== Problem ==
Pictures in the records below must be left out. Return exactly the lines from the line with "May include: A" to the line with "Élégante base de", both included.

== Exercise data ==
--- --- ---

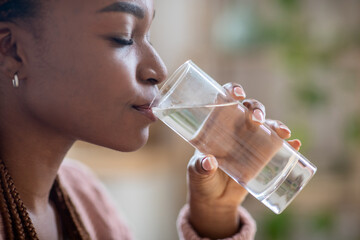 Body Hydration Concept. Closeup Of Black Millennial Female Enjoying Mineral Water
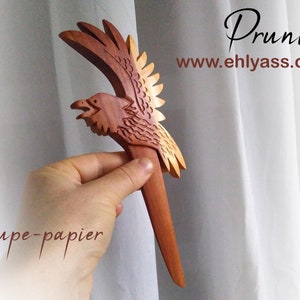 May include: A wooden letter opener shaped like a bird with wings spread. The bird is carved from wood with a reddish-brown color. The letter opener is about 10 inches long. The text "Coupe-papier" is visible in the image.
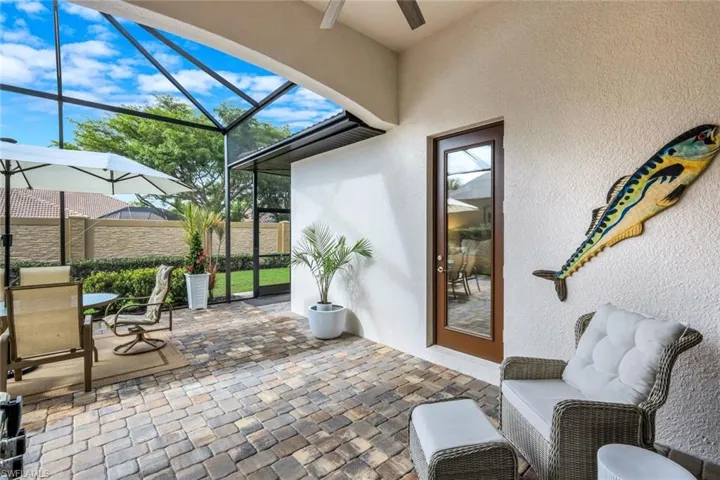 Sunroom with a patio, ceiling fan, outdoor dining area, and healthy amount of natural light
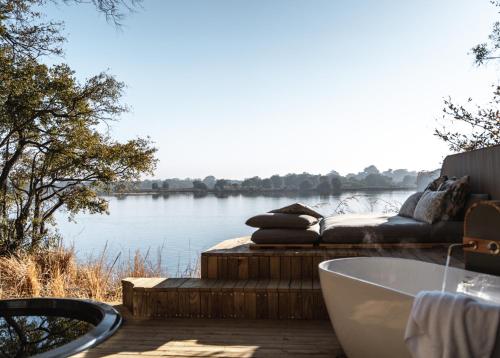 a bath tub sitting on a deck with a view of a lake at Victoria Falls River Lodge in Victoria Falls
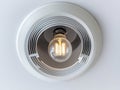 Modern ceiling light fixture with exposed bulb and air vent design Royalty Free Stock Photo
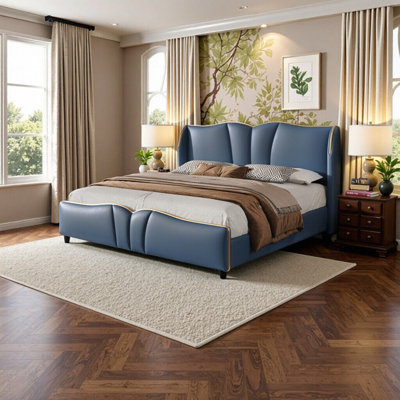 Élégante base de lit tapissier en cuir bleu antique avec tête de lit à oreilles et pied de lit ondulé - aucun sommier nécessaire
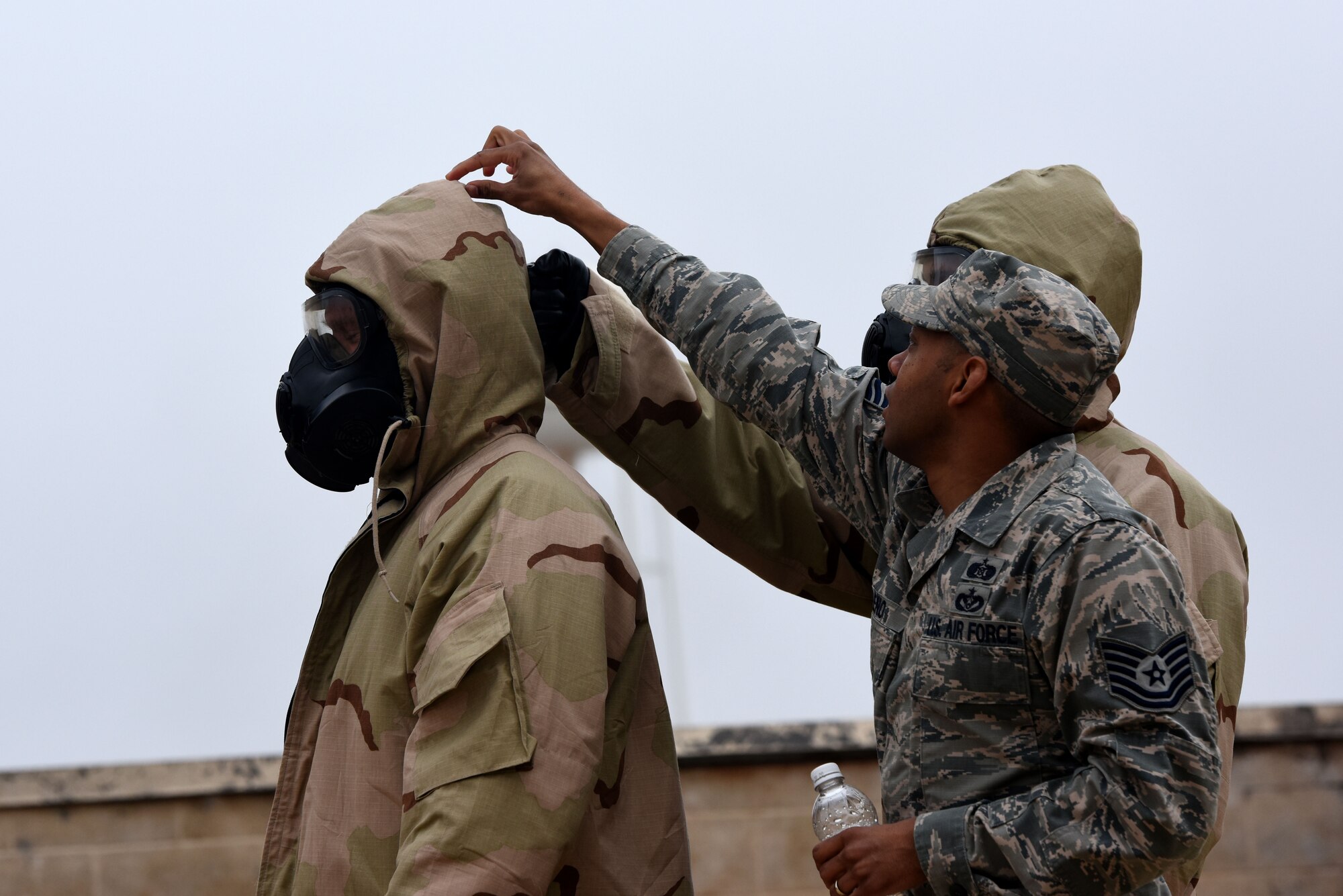 U.S. Air Force Tech. Sgt. Sheraz Cedeno, 17th Civil Engineer Squadron Chemical Biological Radiological and Nuclear instructor, demonstrates how to properly remove Mission Oriented Protective Posture gear during the final training exercise for Warrior Ancillary Specialized Training Program at the mock Forward Operating Base on Goodfellow Air Force Base, Texas, Feb. 28, 2018. The students had to perform various CBRN techniques throughout the exercise. (U.S. Air Force photo by Airman 1st Class Seraiah Hines/Released)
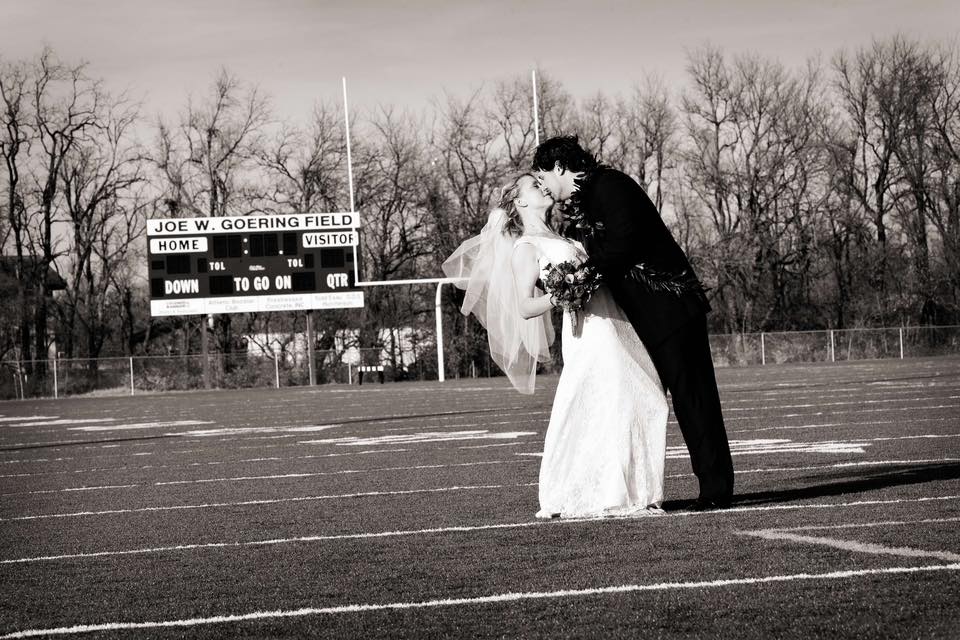 Wedding photo of Sarah Thompson & Peivi Tauiliili on the football field with scoreboard in the background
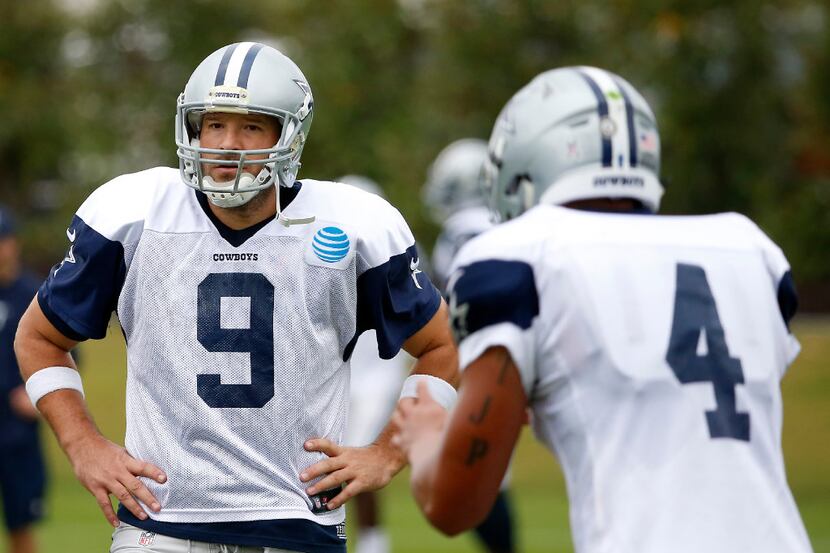 Dallas Cowboys quarterbacks Tony Romo (9) and Dak Prescott (4) practice at Ford Center at...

--- --- ---

== Answer box ==
 May include: A wooden letter opener shaped like a bird with wings spread. The bird is carved from wood with a reddish-brown color. The letter opener is about 10 inches long. The text "Coupe-papier" is visible in the image.
 Sunroom with a patio, ceiling fan, outdoor dining area, and healthy amount of natural light
 a bath tub sitting on a deck with a view of a lake at Victoria Falls River Lodge in Victoria Falls
 Modern ceiling light fixture with exposed bulb and air vent design Royalty Free Stock Photo
 Élégante base de lit tapissier en cuir bleu antique avec tête de lit à oreilles et pied de lit ondulé - aucun sommier nécessaire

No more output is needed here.